Monday, March 14, 2011

Inside Austin City Limits

Thursday night I was down in Austin, making a side trip to visit our friend Momo in her new home city. I’ve always said, either you’re an Austin person, or your not. For me, it’s a good place to visit, but I wouldn’t want to live there. For Mo, it’s just the right kind of crazy.

Think of New York on Xanax. It’s the same kind of intensity, just at a slower pace. Or maybe Los Angeles with a twang, given the amount entertainment focus they have (the SXSW film fest was starting up Thursday night, and Austin City Limits will be in the fall). And maybe even Seattle with sun, given the fervor for “alternative – buy local – go green” you’ll find. And I even found myself walking the 6th Street club scene thinking of Bourbon Street without the lingering scent of pee and vomit.

Drivers are their own kind of thing down there. About 90% are kamikaze drivers, barreling through intersections, changing lanes with abandon and giving only moderate consideration to the laws of physics let alone the traffic code.

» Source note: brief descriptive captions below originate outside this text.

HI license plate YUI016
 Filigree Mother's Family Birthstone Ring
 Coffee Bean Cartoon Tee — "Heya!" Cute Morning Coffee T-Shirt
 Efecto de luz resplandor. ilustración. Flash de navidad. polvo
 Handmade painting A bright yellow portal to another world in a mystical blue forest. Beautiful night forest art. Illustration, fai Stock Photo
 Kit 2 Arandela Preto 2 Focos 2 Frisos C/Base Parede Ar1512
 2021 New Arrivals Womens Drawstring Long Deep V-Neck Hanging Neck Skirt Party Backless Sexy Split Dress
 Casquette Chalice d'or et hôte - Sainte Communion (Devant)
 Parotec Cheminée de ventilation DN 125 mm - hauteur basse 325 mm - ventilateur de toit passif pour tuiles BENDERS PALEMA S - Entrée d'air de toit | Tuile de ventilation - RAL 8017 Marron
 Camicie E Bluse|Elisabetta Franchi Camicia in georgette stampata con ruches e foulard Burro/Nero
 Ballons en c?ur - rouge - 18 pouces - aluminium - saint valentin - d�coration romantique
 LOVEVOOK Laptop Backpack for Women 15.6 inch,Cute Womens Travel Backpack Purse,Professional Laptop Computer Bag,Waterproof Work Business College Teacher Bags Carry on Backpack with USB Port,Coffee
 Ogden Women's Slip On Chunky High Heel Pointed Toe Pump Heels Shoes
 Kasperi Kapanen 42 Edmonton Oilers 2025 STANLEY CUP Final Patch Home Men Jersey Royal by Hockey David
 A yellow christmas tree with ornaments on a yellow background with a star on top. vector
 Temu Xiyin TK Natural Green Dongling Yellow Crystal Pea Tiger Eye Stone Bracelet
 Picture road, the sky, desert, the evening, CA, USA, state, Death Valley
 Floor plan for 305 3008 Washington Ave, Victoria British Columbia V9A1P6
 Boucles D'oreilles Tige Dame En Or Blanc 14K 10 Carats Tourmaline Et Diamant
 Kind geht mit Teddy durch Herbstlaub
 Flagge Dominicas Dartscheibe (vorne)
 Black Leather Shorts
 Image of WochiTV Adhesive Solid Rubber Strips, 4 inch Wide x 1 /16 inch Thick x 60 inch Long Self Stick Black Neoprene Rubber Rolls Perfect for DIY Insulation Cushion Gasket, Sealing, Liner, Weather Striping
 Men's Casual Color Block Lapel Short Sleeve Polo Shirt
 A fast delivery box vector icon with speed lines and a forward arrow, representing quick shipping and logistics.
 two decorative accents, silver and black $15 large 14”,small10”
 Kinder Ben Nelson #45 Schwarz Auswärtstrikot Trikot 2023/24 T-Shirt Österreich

The other 10% are Midwest friendly, waving at you from the other side of the 4-way stop – “No, you go!” And you can never be sure which is coming towards you, but you should be ready to dodge either way.

You gotta love Austin food. Fussy doesn’t really cut it. Foods that can be wrapped in a tortilla or smoked over pecan wood take precedence. And a brisket taco is pretty much alpha and omega of Austin food. Especially if you can get it from one of the food trucks that have taken over downtown in the last couple of years. The only thing I was really missing as we wandered around 6th Street was a donut truck. Trust me, Austin. Hot, fresh doughnuts straight out of the fryer would be killer when you’ve had too much to drink. You’ll make a fortune. Nothing soaks up beer like fried bread.

But if you go to Austin, be sure you know somebody. Because the only way you’ll really know what’s going on is if you know a guy, who knows a guy, who dates this girl, who used to be in a band with some other girl. Because that girl is going to be the one who’s been to the newest place, with the hottest band and the coolest scene. Facebook’s got nothing on the Austin social network. By the time the newest place has made it into a newspaper, or god-forbid a guide book, everybody is on to someplace else.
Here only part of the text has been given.